The trial judge initially instructed the jury that all of the evidence concerning the second delivery was not to be considered as evidence against either appellant on any charge. R.T. 184. However, a later ruling admitting the marijuana involved in the second delivery against appellants as evidence relating to the conspiracy charged (R.T. 192) had the effect of reversing the prior ruling.
See e. g. Sandez v. United States, 239 F.2d 239, 243 (9th Cir. 1956).
The law does not support their contention. The arrest of a co-conspirator may be said to terminate the conspiracy as to him in the sense that his acts and declarations following his arrest do not bind, and may not be introduced against, other co-conspirators. Cf., Fiswick v.
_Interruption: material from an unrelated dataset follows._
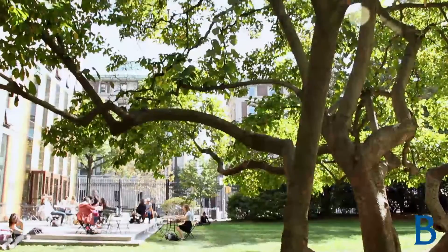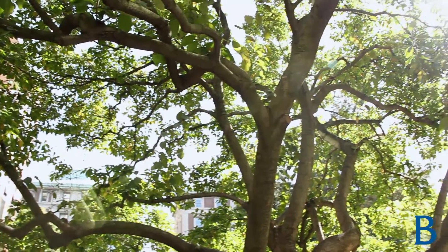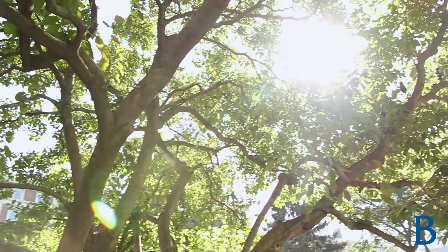If we have enough roots, the top stays green and full. If too many roots are taken out, the top might die back a little bit before it reestablishes. The idea is for the tree not to skip a beat by us having enough roots in healthy condition to maintain a healthy crown.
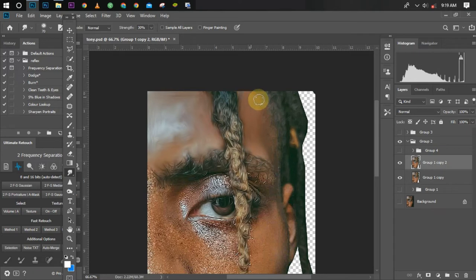While smudging, don't do it in a zigzag motion — doing it zigzag will destroy the details you need there. It's better to do it in a straight line for a nice result. Pay close attention to the details while smudging, as it matters a lot.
United States, 329 U.S. 211, 217, 67 S.Ct. 224, 91 L.Ed. 196 (1946). But the converse is not true. An unarrested co-conspirator still operating in furtherance of the conspiracy may say and do things which may be introduced against the arrested one if the conspiracy is still in operation. United States v. Cohen, 145 F.2d 82, 89 (2nd Cir. 1944); Cf., United States v. DeSapio, 435 F.2d 272, 283 (2nd Cir. 1970). In fact, there is law to the effect that evidence of acts of co-conspirators which occurred after the entire conspiracy had ended and was complete may be introduced against all of the co-conspirators if the evidence tends to prove the existence of the conspiracy. Lutwak v. United States, 344 U.S. 604, 617, 73 S.Ct. 481, 97 L.Ed. 593 (1953); United States v. Estrada, 441 F.2d 873, 877 (9th Cir. 1971). In the instant case, it seems entirely clear that the conspiracy was still in operation when the second delivery of the 460 pounds was made. But even if the conspiracy could be said arguendo to have totally ended by that time, the evidence in question involved acts which tended to prove the existence of the conspiracy as alleged and would be admissible against all of the co-conspirators under the rationale of Lutwak and Estrada, supra.
What may possibly be read as contrary language appears in Sandez v. United States, supra, 239 F.2d at 243. But that language is clearly a dictum. A careful reading of the opinion makes it clear that the conversations in question took place after all of the narcotics had been delivered and "the conspiracy was at an end." 239 F.2d at 242.
Appellants' fourth claim is that a proposed jury instruction dealing with the said evidence was erroneously rejected. After the trial judge had overruled appellants' objections to the receipt against them of the evidence in question, they asked for a jury instruction which would have had the effect of reversing that ruling. In substance, the proposed instruction stated that no act performed by anyone after the arrest of either appellant could be considered against him as evidence of the conspiracy charged even if he was found to have been a member of a conspiracy prior to his arrest.
As demonstrated above, the reception of the evidence in question was proper and the trial court's rejection of the proposed instruction was thus also proper.
V. SUFFICIENCY OF THE EVIDENCE AS TO JONES
We have examined the evidence as to appellant Jones and find it clearly sufficient to warrant his conviction of the single offense of which he was convicted.
For the reasons above stated, the judgment below as to each appellant is affirmed.